Difficult times: alternatives to redundancy

Sue Nickson of Hammonds LLP continues a series of articles on dealing with difficult times with a look at alternatives to redundancy where cuts in staff costs need to be made. Options such as recruiting temporary staff or agency staff, outsourcing, changing terms and conditions, and reducing bonuses are discussed.

Lay-off and short-time working

It may be appropriate to lay employees off, or put them on short-time working, where there is a seasonal or temporary reduction in work. Short-time working is defined in s.147(2)) of the Employment Rights Act 1996 (ERA), and is where an employee's pay for a week is less than half a week's pay because of a reduction in the amount of work provided. Some contracts of employment have a clause giving the employer the right to lay off employees or put them on short-time working. This means that the employer can ask its employees not to attend work as normal when no work is available, and not pay them, but not be in breach of contract as a result. The use of such clauses is limited to a certain extent because under s.148 of the ERA the employee has the right to leave and claim a redundancy payment if he or she is laid off or put on short-time working for a continuous period of four weeks or for six weeks in a 13-week period.

In the absence of a contractual right, or express agreement by employees, employers should not lay off employees or put them on short-time working or any other reduction in hours. To do so would amount to a fundamental breach of contract, resulting in possible constructive dismissal claims. The employer must instead negotiate an agreement with each affected employee, giving it the right to lay the employee off or put him or her on short-time working. Employers should also be aware that employees are entitled to a statutory guarantee payment for up to five days of lay-off (depending on the number of days normally worked under the contract of employment) in any three-month period. The daily amount is subject to a statutory cap, currently £20.40 per day.

Annualised hours

Annualised hours contracts, where an employee agrees to work a number of hours over the year, can also be an effective way for employers to respond to fluctuations in demand. Such contracts not only offer flexibility for employers and employees but can also reduce overtime payments and maximise productivity and efficiency.

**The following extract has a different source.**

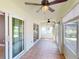 Enclosed sunroom with sliding glass doors, windows, and ceiling fans at 4027 Quaker Ln, North Port, FL 34288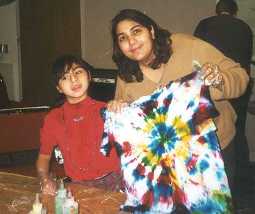 A child with a disability doing arts and crafts with an adult.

Recruiting temporary and fixed-term employees

Employers that are uncertain of their future staffing needs often recruit employees on a temporary and/or fixed-term basis, on the grounds that they believe that such employees can be easily dismissed at a later date, should demand for employees diminish. It is often felt that recruiting employees in this way increases flexibility in the workforce. However, employers should note that employees who are on contracts that are described as "temporary" or on contracts for a fixed term have all the usual employment protection rights. Employees who are employed on fixed-term contracts also have specific rights and protection against discrimination conferred on them by the Fixed-term Employees (Prevention of Less Favourable Treatment) Regulations 2002 (SI 2002/2034). (See Temporary workers in the XpertHR employment law reference manual for more details on temporary workers' rights.) Temporary and fixed-term employees can be recruited to cover busy periods or carry out specific roles, but employers must be aware of their employment rights.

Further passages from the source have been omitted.